Task item: Retype the data that follows line by line, exactly, and leave its pictures out.

Source material:

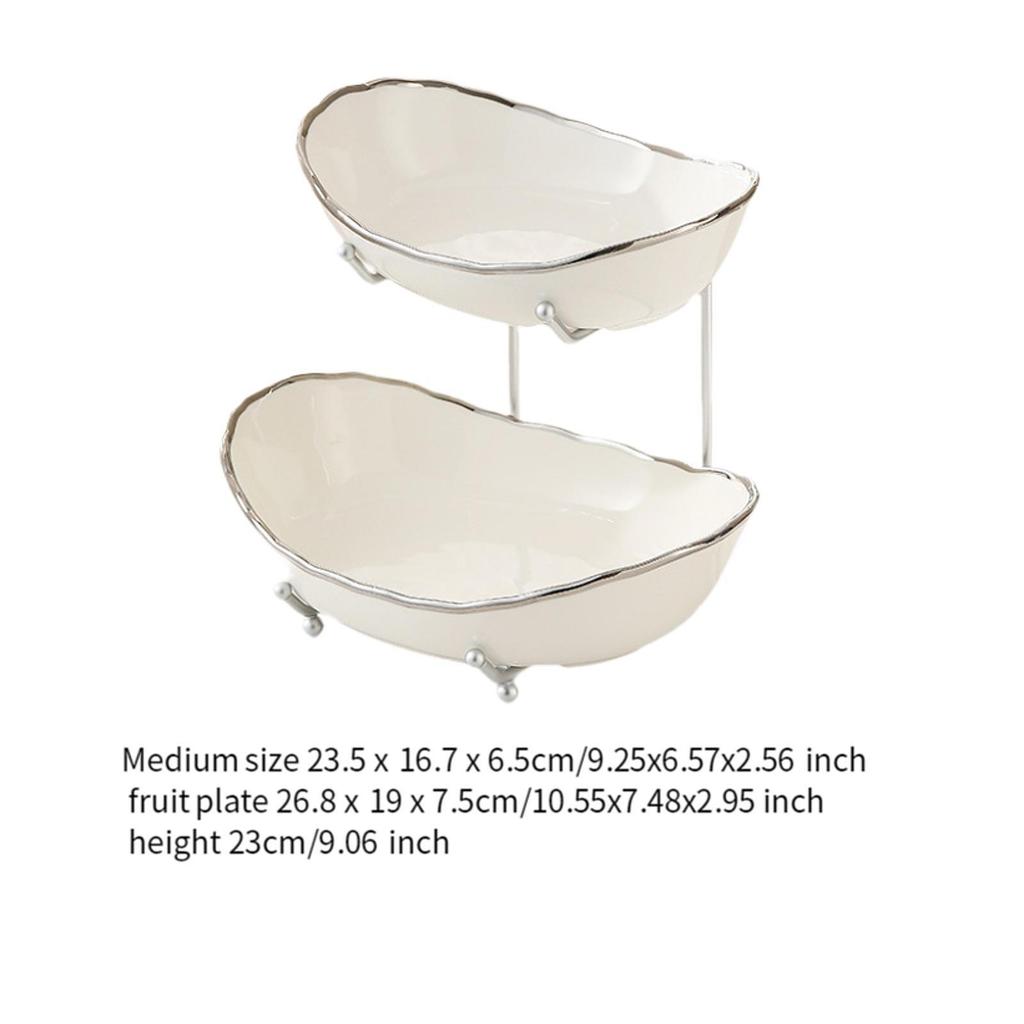 Ceramic Fruit Bowl for Kitchen Counter Porcelain Multi Layer Modern Fruit Holder for Candy Cake Snack Kitchen Vegetable Storage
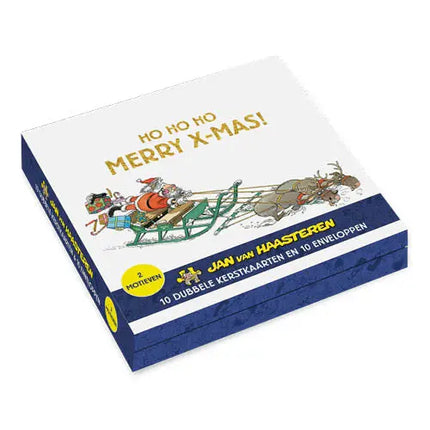 Comello Jan van Haasteren Kerstkaarten - Skiën met boom - Rendieren voor arrenslee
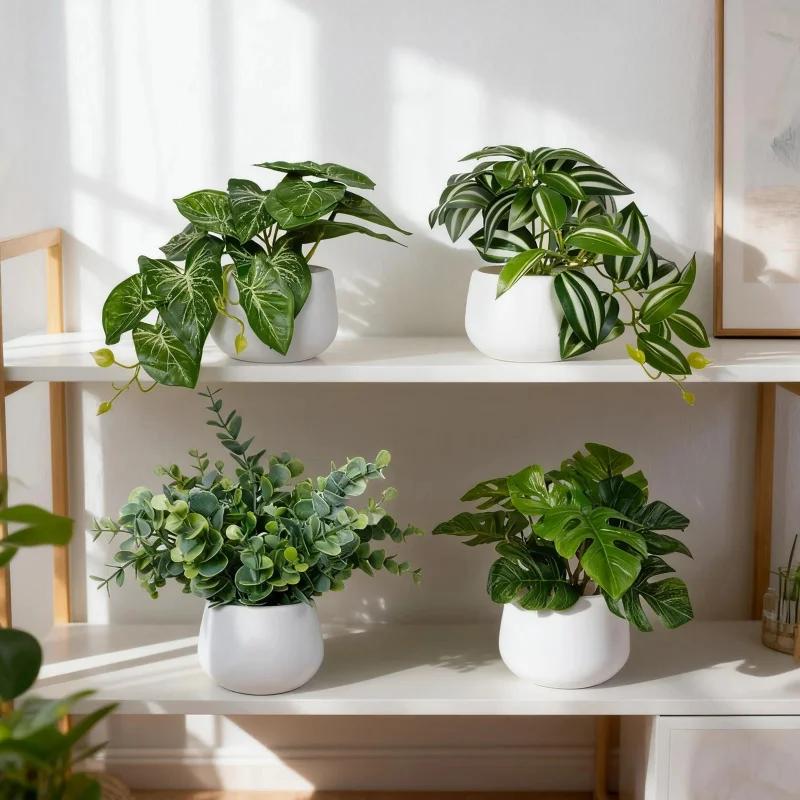 Top Quality Simulated Green Potted Plants, Suitable for Daily Home Decoration. They Can Be Placed on Windowsills and Desktops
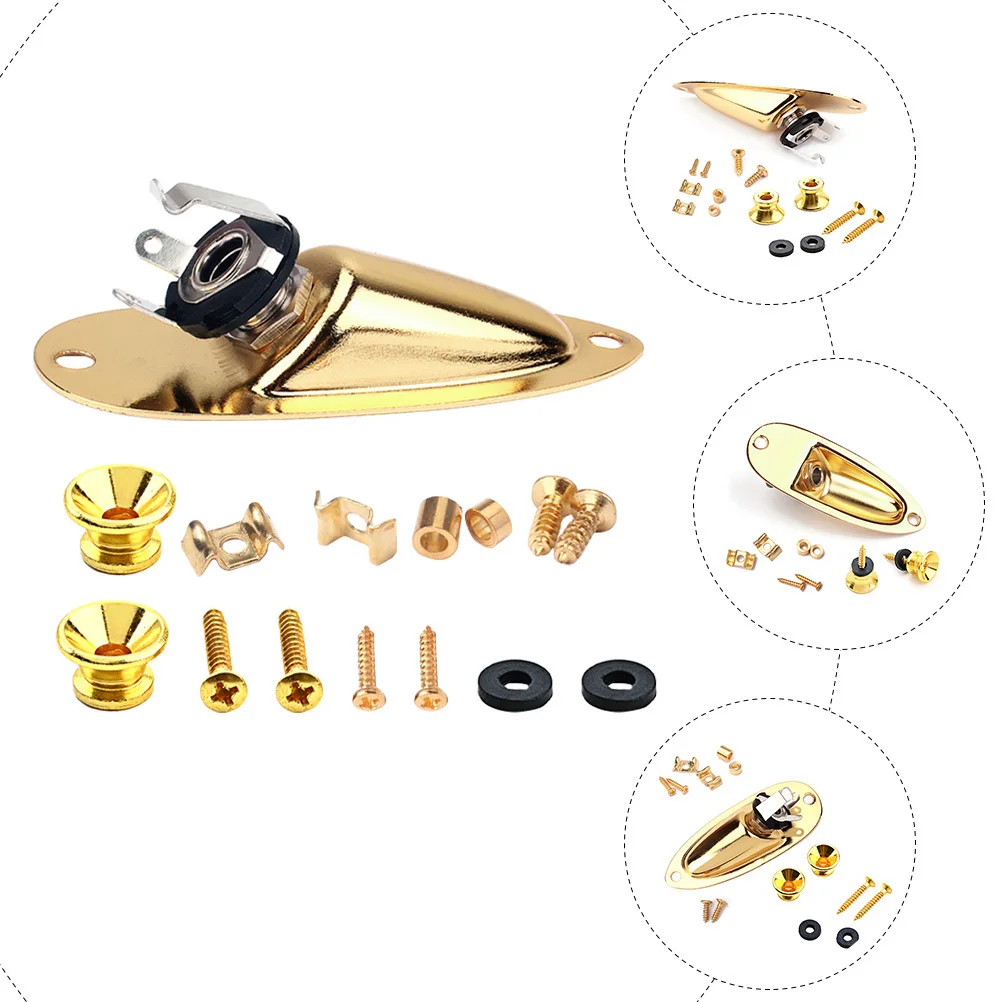 

1Set Electric Guitar Strap Buckles String Trees Metal Guitar String Retainer Kit Easy Install -Lasting Use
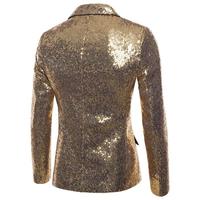 Nouvelle mode Blazer homme Coupe ajustée Costume de mariage Veste à sequins dorés à motifs floraux Paillettes Tango Opéra traditionnel chinois Tenue de danse de fête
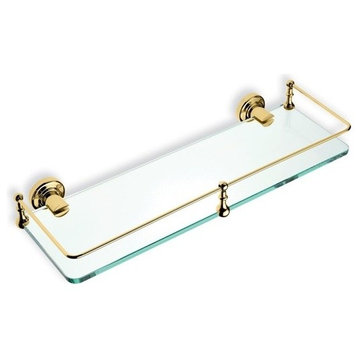 Clear Glass Bathroom Shelf, Gold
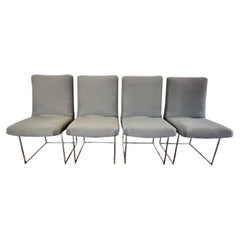 Mid Century Milo Baughman for Thayer Coggin Thin Chrome Dining Chairs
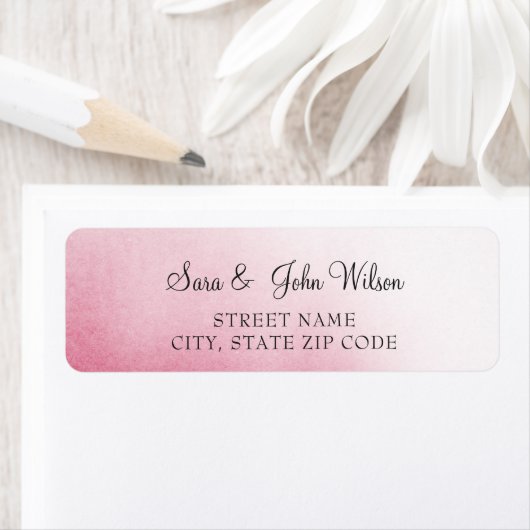 Adresetiketten voor roze ombre Wedding Etiket (Insitu)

Output of the task:
 Ceramic Fruit Bowl for Kitchen Counter Porcelain Multi Layer Modern Fruit Holder for Candy Cake Snack Kitchen Vegetable Storage
 Comello Jan van Haasteren Kerstkaarten - Skiën met boom - Rendieren voor arrenslee
 Top Quality Simulated Green Potted Plants, Suitable for Daily Home Decoration. They Can Be Placed on Windowsills and Desktops

1Set Electric Guitar Strap Buckles String Trees Metal Guitar String Retainer Kit Easy Install -Lasting Use
 Nouvelle mode Blazer homme Coupe ajustée Costume de mariage Veste à sequins dorés à motifs floraux Paillettes Tango Opéra traditionnel chinois Tenue de danse de fête
 Clear Glass Bathroom Shelf, Gold
 Mid Century Milo Baughman for Thayer Coggin Thin Chrome Dining Chairs
 Adresetiketten voor roze ombre Wedding Etiket (Insitu)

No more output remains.